### Exercise directions
Copy out the data exactly, leaving the pictures behind.

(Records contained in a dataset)
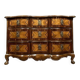 Louis XV period Arbalète chest of drawers in 18th century noble wood marquetry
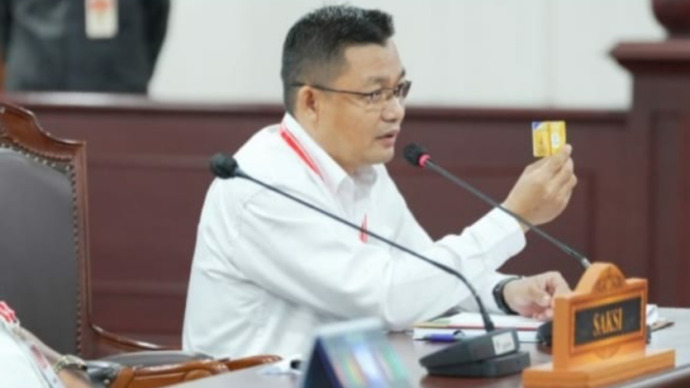 Ketua Tim Pemenangan Paslon nomor urut 2, Riko Porwanto, saat menghadiri sidang di MK Jakarta. (FOTO: TANGKAP LAYAR)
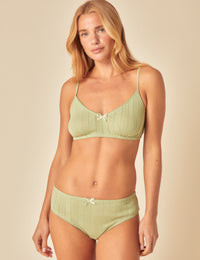 Green Pointelle Bralette Set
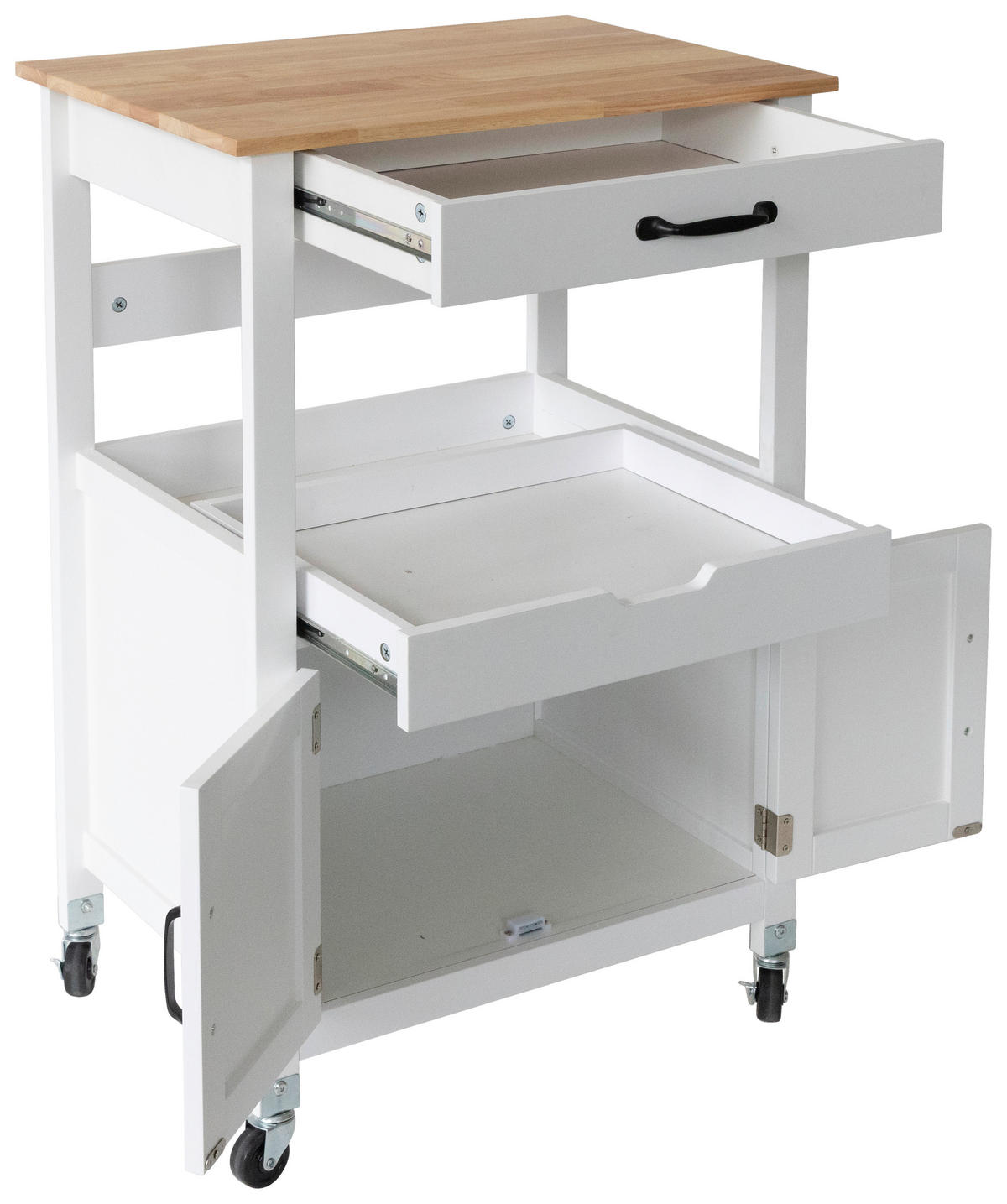 SERVIERWAGEN Kautschukholz vollmassiv Weiß  - Schwarz/Weiß, Basics, Holz/Holzwerkstoff (58/93/40cm) - MID.YOU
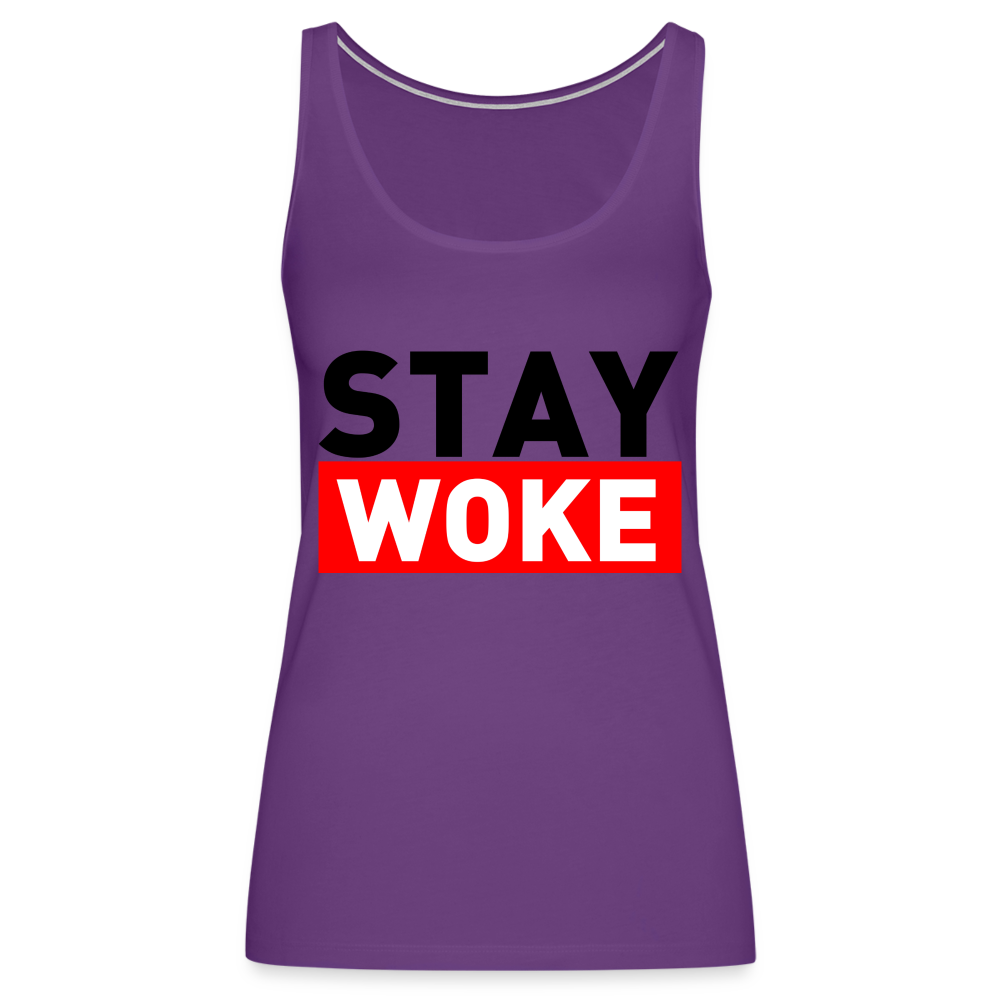 Stay Woke Women’s Premium Tank Top Color: white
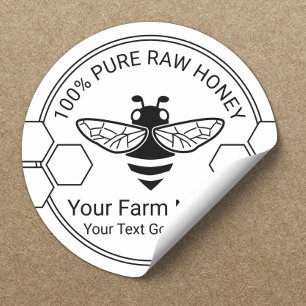 Sticker Rond Miel Jar Bio Apiary Beekeeper Farm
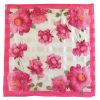 Oscar de la Renta pink floral design silk scarf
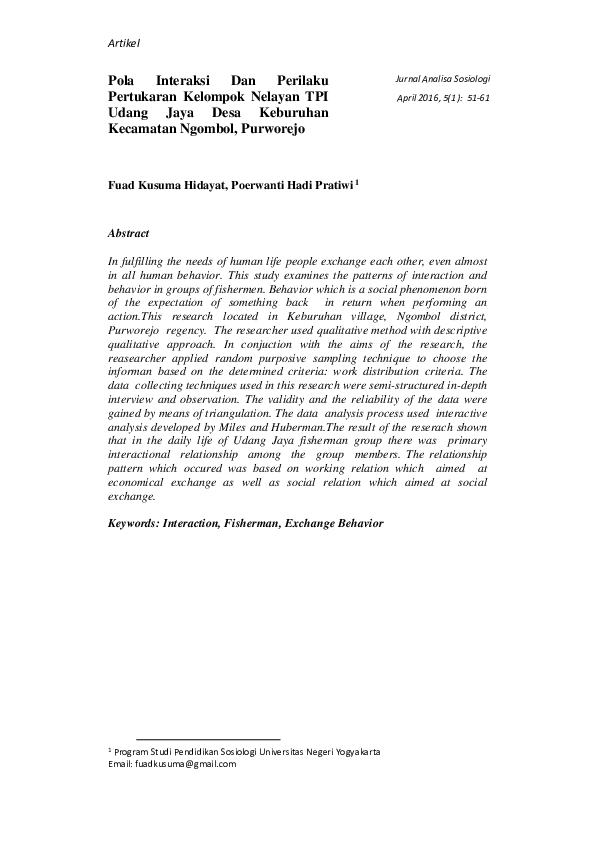 Pola Interaksi Dan Perilaku Pertukaran Kelompok Nelayan Tpi Udang Jaya Desa Keburuhan Kecamatan Ngombol Purworejo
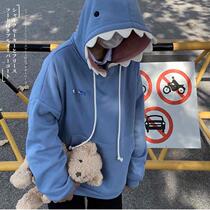 Funny Shark Patchwork Hoodies Man Autumn Kawaii Sweatshirt 2
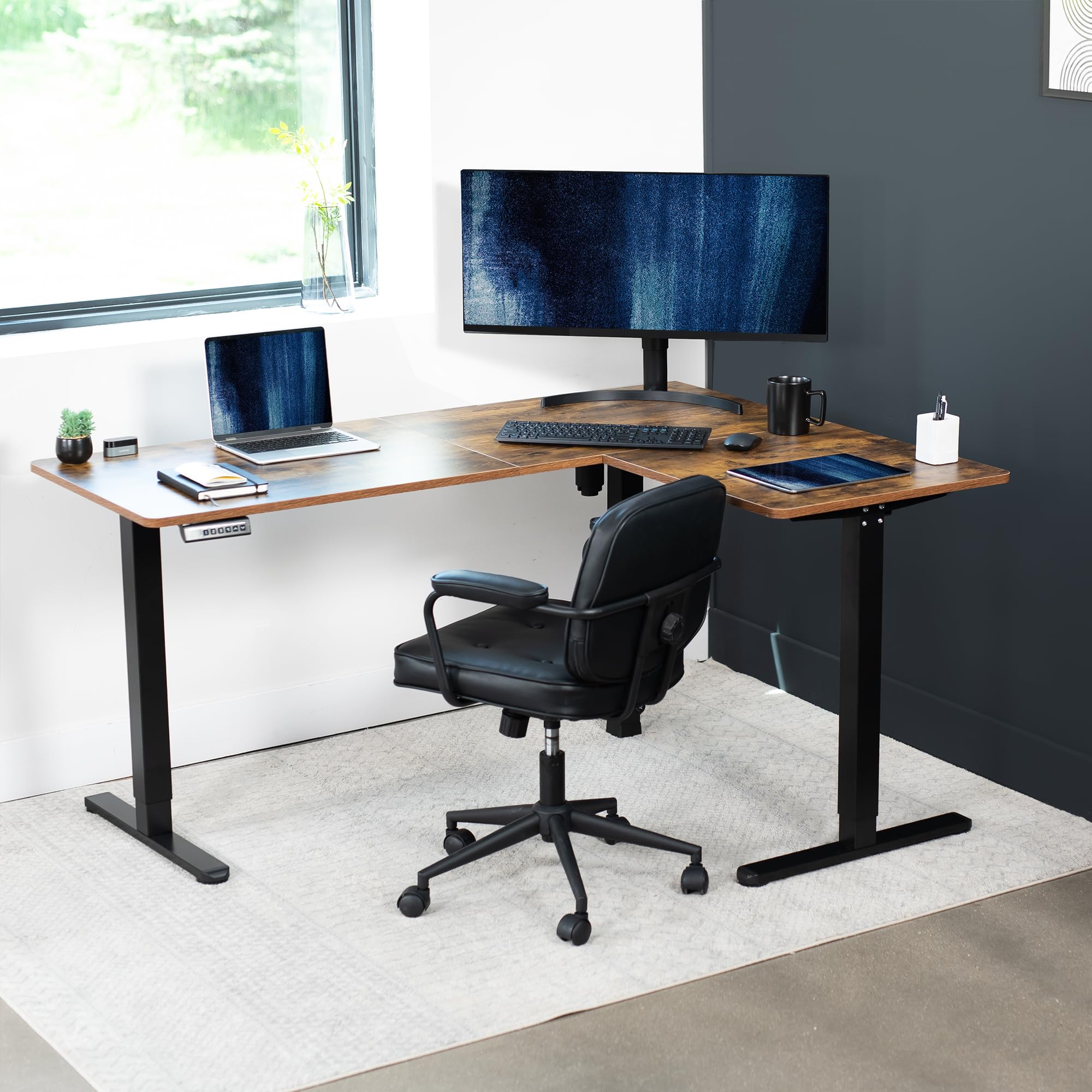 Foto 8 pulgar | Escritorio De Pie Vivo Desk-e3ctn-47 Eléctrico En Forma De L 160x120 Cm - Venta Internacional.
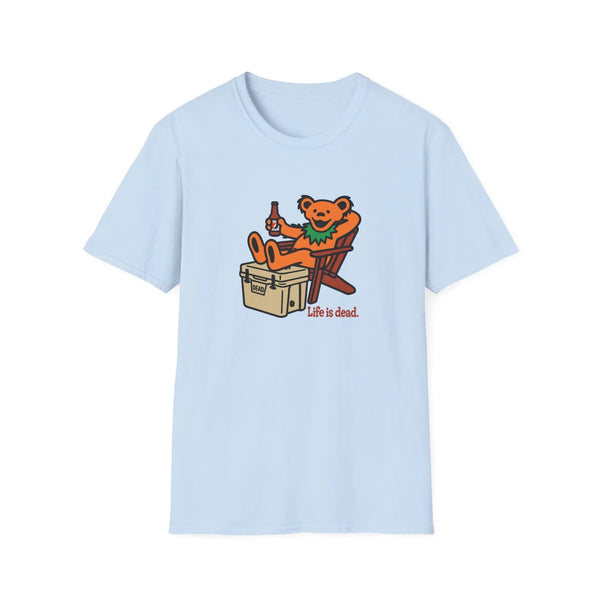 Light blue T-shirt with cartoon bear graphic and "Life is dead." text on chest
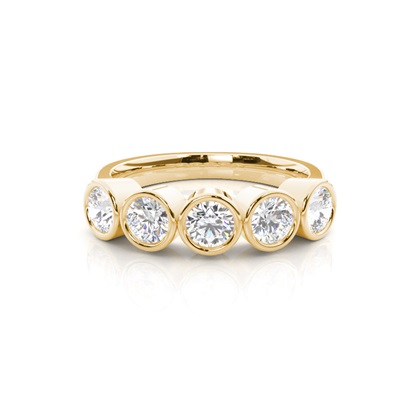 Yellow Gold 5 Stone Diamond Rings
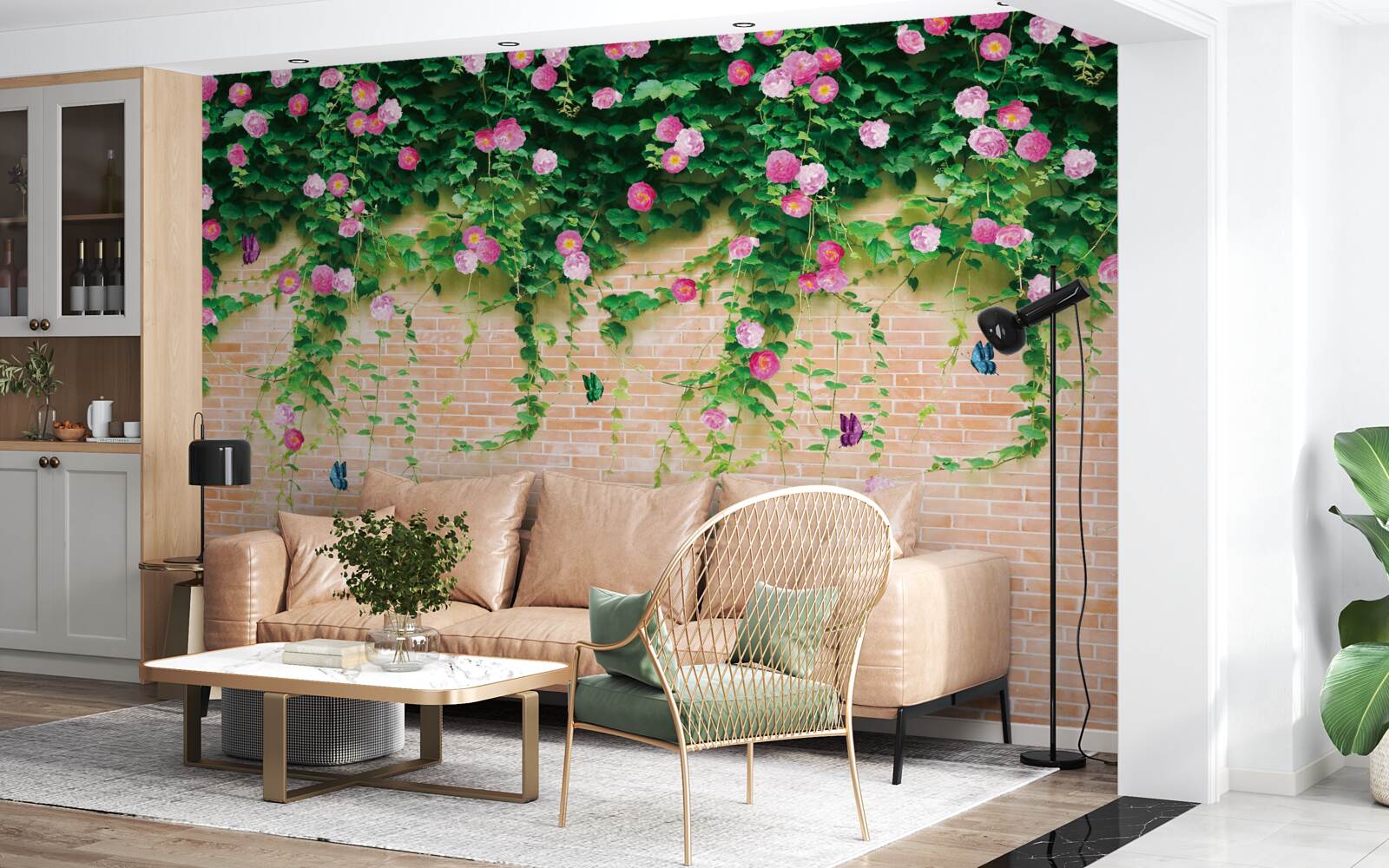 Fototapeta jemné ružové ruže na tehlovej stene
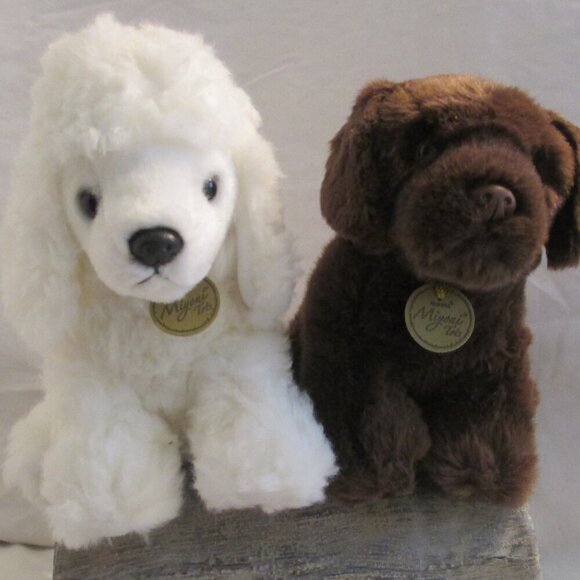 Aurora Miyoni Tots Lab Puppies 8" Plush Brown & White Labrad Puppies - Picture 7 of 13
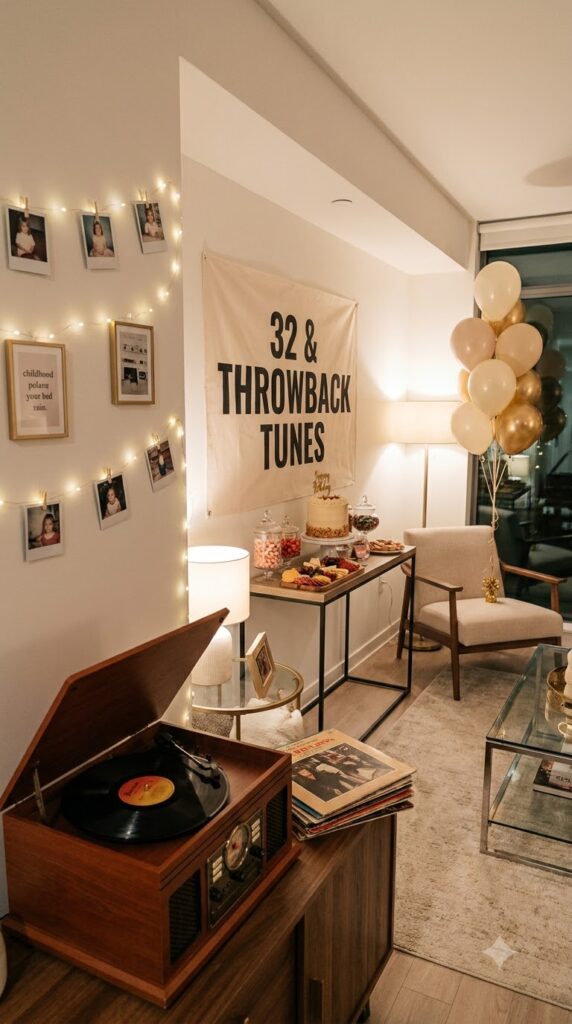 A nostalgic birthday party with vintage records, childhood photos, string lights, balloons, and themed decorations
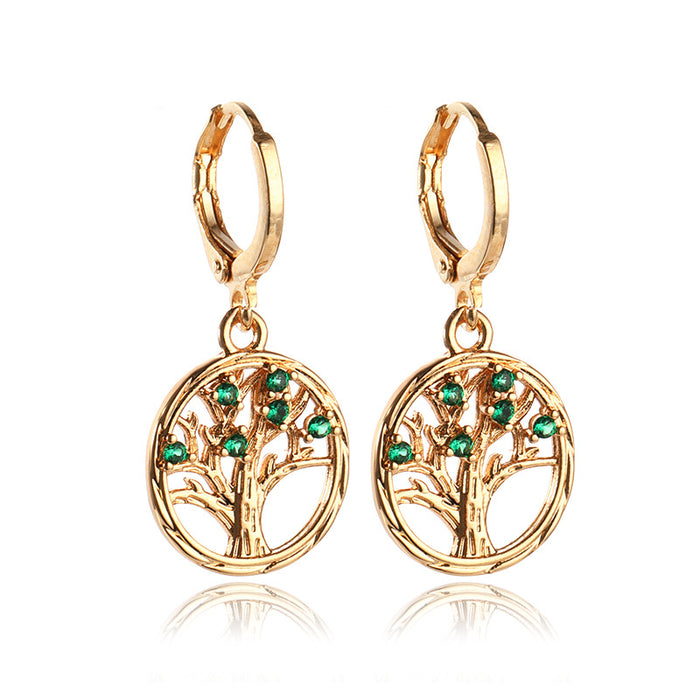 Wholesale Hollow Round Diamonds Tree of Life Copper Earrings MOQ≥2 JDC-ES-Yongz001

### Result of the task
 Louis XV period Arbalète chest of drawers in 18th century noble wood marquetry
 Ketua Tim Pemenangan Paslon nomor urut 2, Riko Porwanto, saat menghadiri sidang di MK Jakarta. (FOTO: TANGKAP LAYAR)
 Green Pointelle Bralette Set
 SERVIERWAGEN Kautschukholz vollmassiv Weiß  - Schwarz/Weiß, Basics, Holz/Holzwerkstoff (58/93/40cm) - MID.YOU
 Stay Woke Women’s Premium Tank Top Color: white
 Sticker Rond Miel Jar Bio Apiary Beekeeper Farm
 Oscar de la Renta pink floral design silk scarf
 Pola Interaksi Dan Perilaku Pertukaran Kelompok Nelayan Tpi Udang Jaya Desa Keburuhan Kecamatan Ngombol Purworejo
 Funny Shark Patchwork Hoodies Man Autumn Kawaii Sweatshirt 2
 Foto 8 pulgar | Escritorio De Pie Vivo Desk-e3ctn-47 Eléctrico En Forma De L 160x120 Cm - Venta Internacional.
 Light blue T-shirt with cartoon bear graphic and "Life is dead." text on chest
 Yellow Gold 5 Stone Diamond Rings
 Fototapeta jemné ružové ruže na tehlovej stene
 Aurora Miyoni Tots Lab Puppies 8" Plush Brown & White Labrad Puppies - Picture 7 of 13
 A nostalgic birthday party with vintage records, childhood photos, string lights, balloons, and themed decorations
 Wholesale Hollow Round Diamonds Tree of Life Copper Earrings MOQ≥2 JDC-ES-Yongz001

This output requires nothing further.